*** PROVIDED DATA ***
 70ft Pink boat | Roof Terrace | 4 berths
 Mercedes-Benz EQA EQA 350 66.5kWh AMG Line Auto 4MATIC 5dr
*** End of PROVIDED DATA ***
*** PROVIDED DATA ***
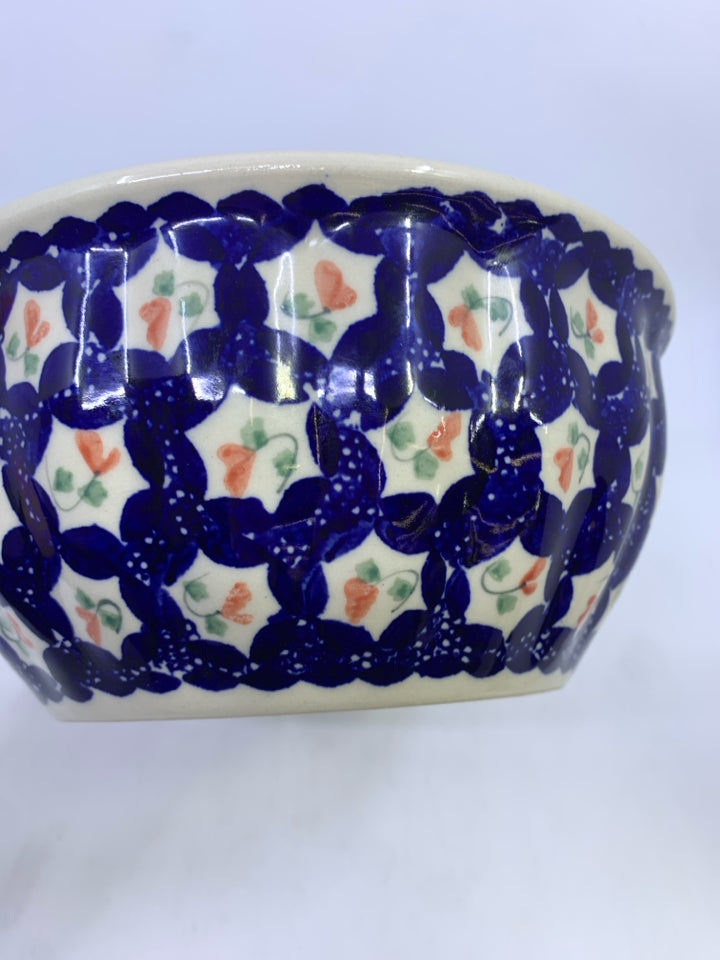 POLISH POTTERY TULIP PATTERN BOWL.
*** End of PROVIDED DATA ***
• EXERCISE DIRECTIONS: An exact, complete copy of the lines above from the one with "70ft Pink boat | Roof Terrace | 4 berths" through the one with "Mercedes-Benz EQA EQA" is the whole answer.

• OUTPUT:
 70ft Pink boat | Roof Terrace | 4 berths
 Mercedes-Benz EQA EQA 350 66.5kWh AMG Line Auto 4MATIC 5dr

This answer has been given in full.